I'll start with the moans, it has been way too hot and dry in the US's Pacific Northwest for this gal.  It just goes that way some years, we've had lots of cool wet summers for which I am most thankful, now I'm working, hard, on being thankful for hot and dry :(  I'm not getting very far with it though, I'm afraid, I just keep greeting each new day as 'oh boy' one less day in July, lol

One good thing about such weather is I become housebound in the air conditioning and so I do get some stitching done.  Truly, I suffer more from 'cabin fever' in summer than winter.

But 'Kyoto' is progressing and it is indeed a 'happy' stitch.  After the first few bands are done I hardly have to look at the pattern, I just glance above on all but a few of the bands.

Kyoto
I'm using Kreinik's Mori silk thread on this in three shades of blue.  It is really a lovely floss and easy to work with.

I've also been working on a new collection that will be called 'Swatchables'.  The concept is a single motif that can then be made into various patterns by either multiplying the motif, taking it apart and putting it back together in another form, or using it in something like a sampler.  Here are a few pics of the first pattern, 'Rondo'. 
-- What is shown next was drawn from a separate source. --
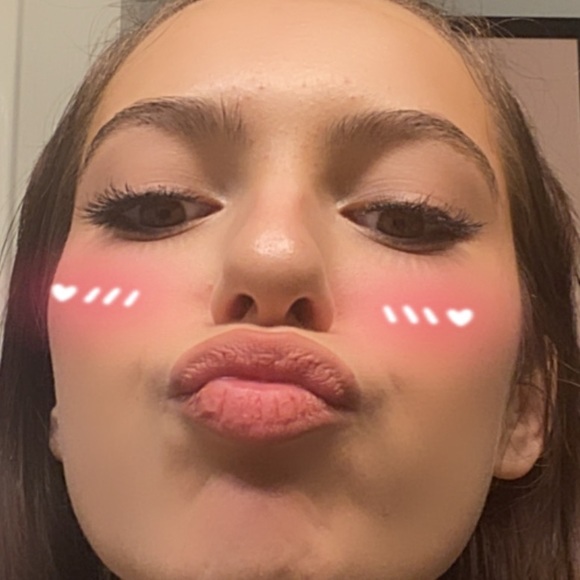 Meet your Posher, Fee - Picture 1 of 1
From this swatch size motif you can jump off in a few different directions -

Swatch Motif and Diamond shape made by cutting swatch into triangles

Motif tiled to as many repeats as you like to fit your project

Sampler
 
An alphabet will be included so you can make the sampler your own as well.
 
Here is the 'swatch' stitched in a blue and mocha color.
 
 

'Rondo' will soon be on sale through my publisher, Creative Poppy

Hope everyone's projects are progressing well!  For those who love summer, enjoy!  For those like me longing for Fall, hang in there, this too shall pass :)

Friday, June 26, 2015

Alsace Available & New Design


'Alsace' Detail
 
Yea! Alsace is now available for sale on my website and at Creative Poppy and I hope to have it up on ICG in the next few days so that retail shops may purchase it.  The frame for it is on the way and hopefully I'll have a photo of it next post.  It was a long stitch, especially since I had to stop it in order to stitch Winter Daybreak for Just Cross Stitch magazine.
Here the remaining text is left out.